● Records shown:
[Start of Attachment]

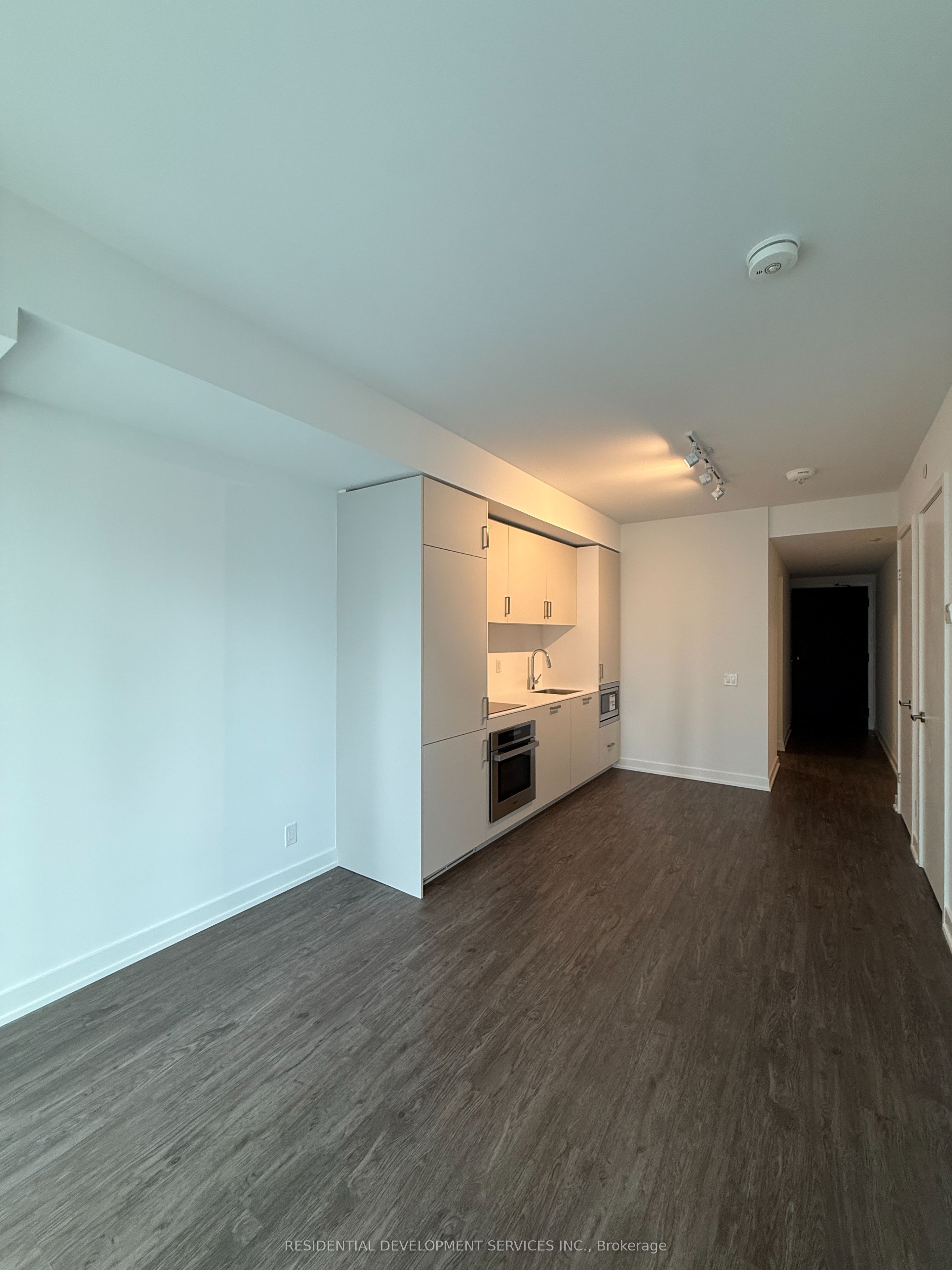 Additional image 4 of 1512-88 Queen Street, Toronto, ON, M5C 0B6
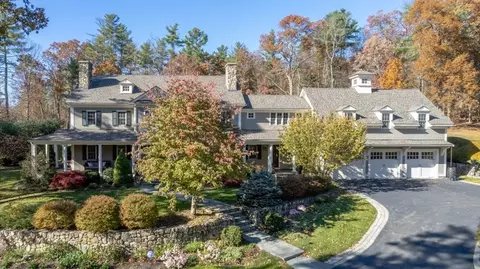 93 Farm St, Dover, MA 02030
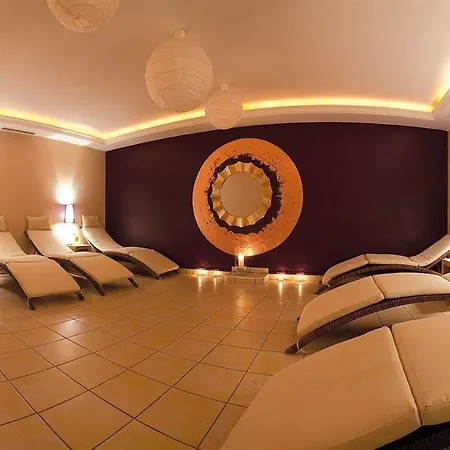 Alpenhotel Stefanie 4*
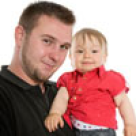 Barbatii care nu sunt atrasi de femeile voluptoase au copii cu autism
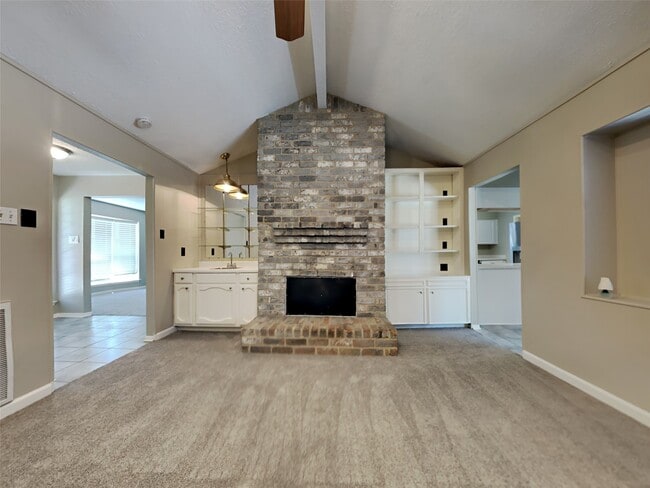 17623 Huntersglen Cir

[End of Attachment]
[Start of Attachment]

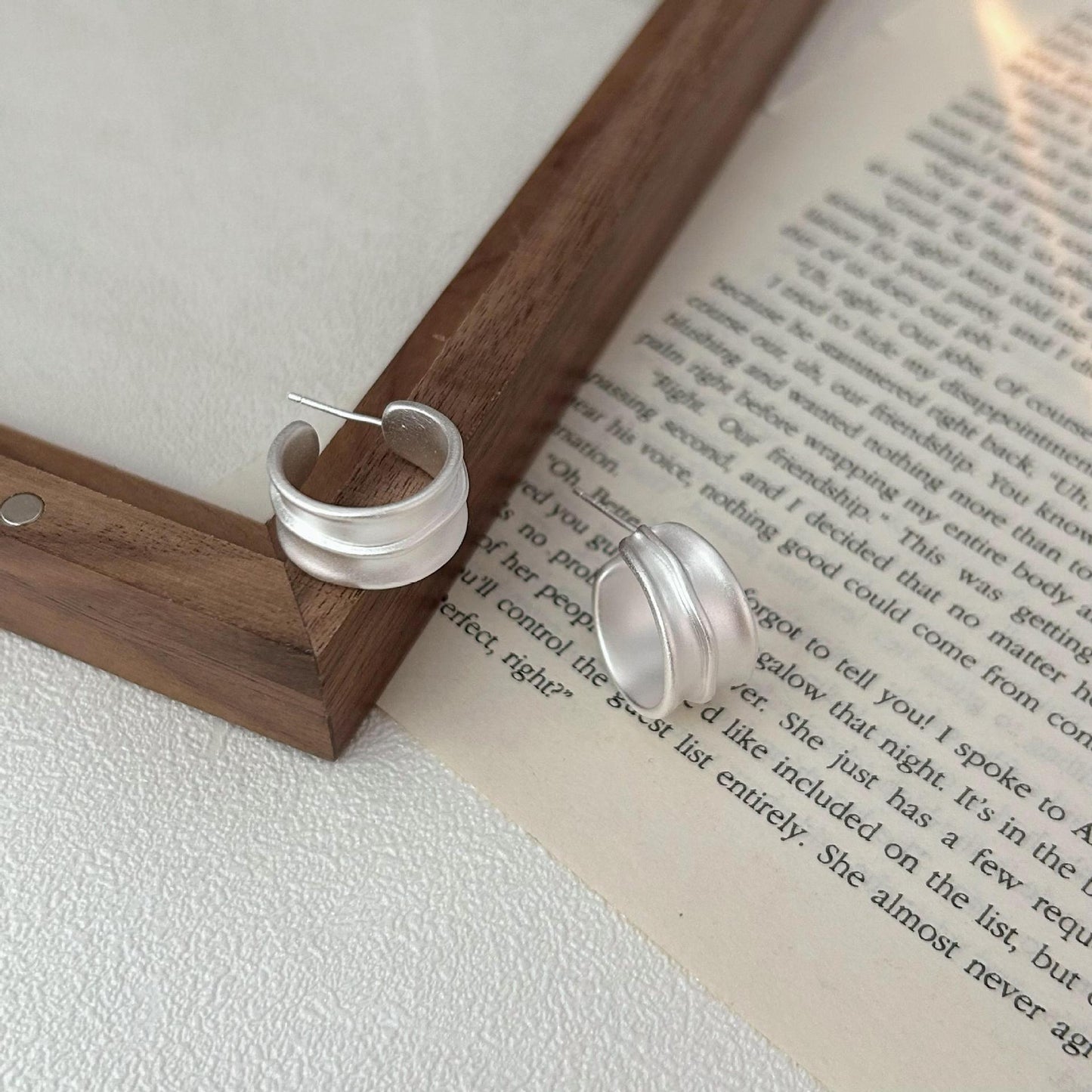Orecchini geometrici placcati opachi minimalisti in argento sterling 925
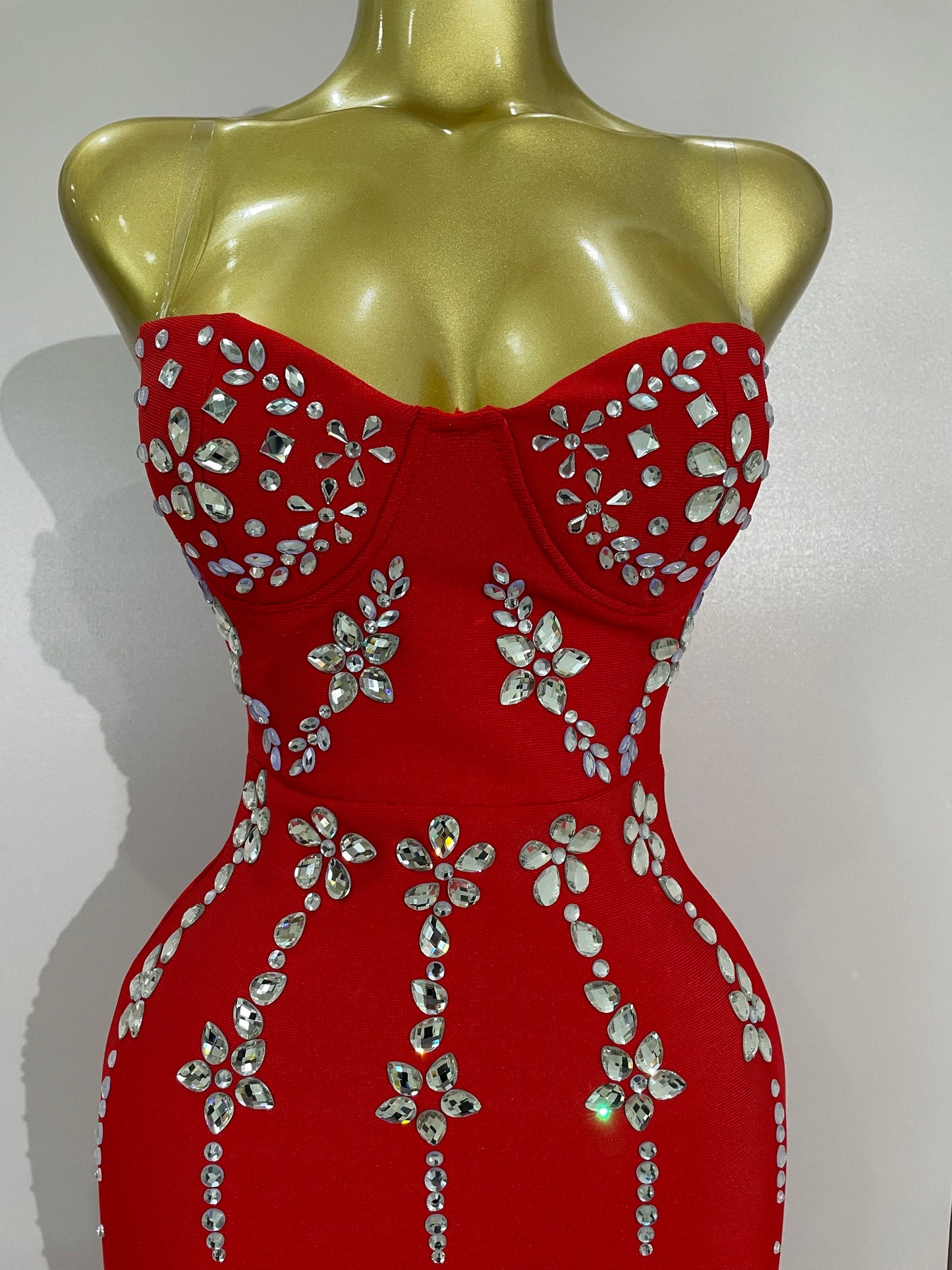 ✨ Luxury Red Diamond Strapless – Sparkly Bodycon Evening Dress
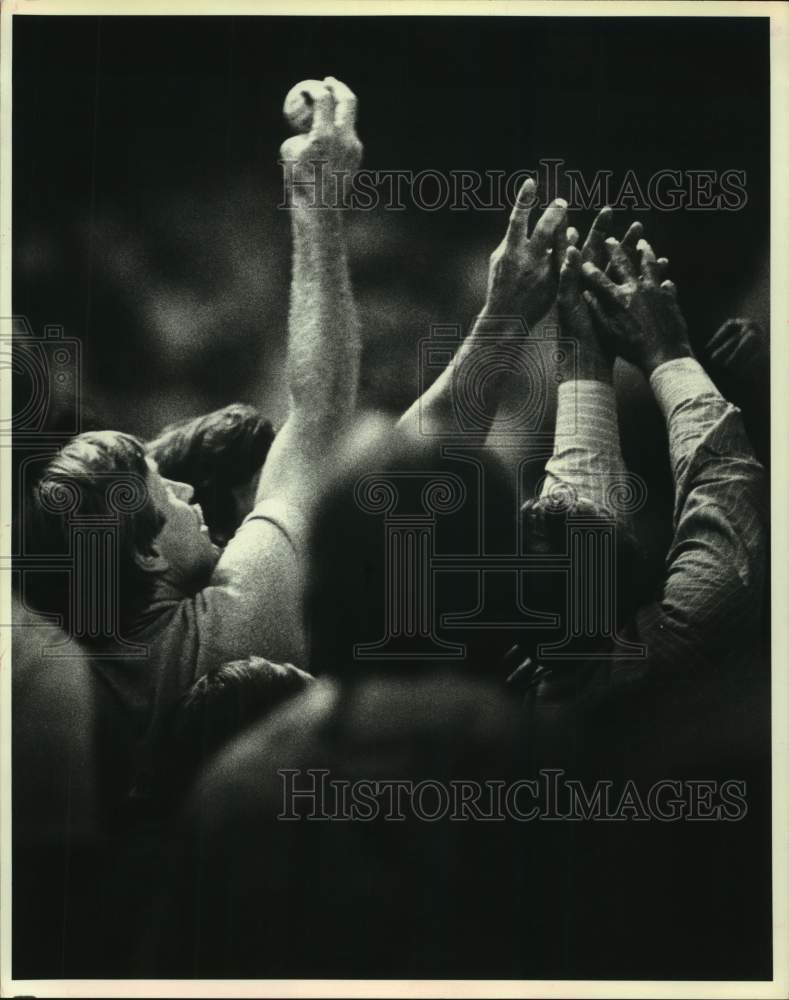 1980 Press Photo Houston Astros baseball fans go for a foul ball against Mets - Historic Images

[End of Attachment]

● Instructions for the task: In the listing above, find the line containing "Orecchini geometrici placcati" and the line containing "1980 Press Photo", then write out both of them and every line between, exactly, with no pictures.

● Exercise answer:
Orecchini geometrici placcati opachi minimalisti in argento sterling 925
 ✨ Luxury Red Diamond Strapless – Sparkly Bodycon Evening Dress
 1980 Press Photo Houston Astros baseball fans go for a foul ball against Mets - Historic Images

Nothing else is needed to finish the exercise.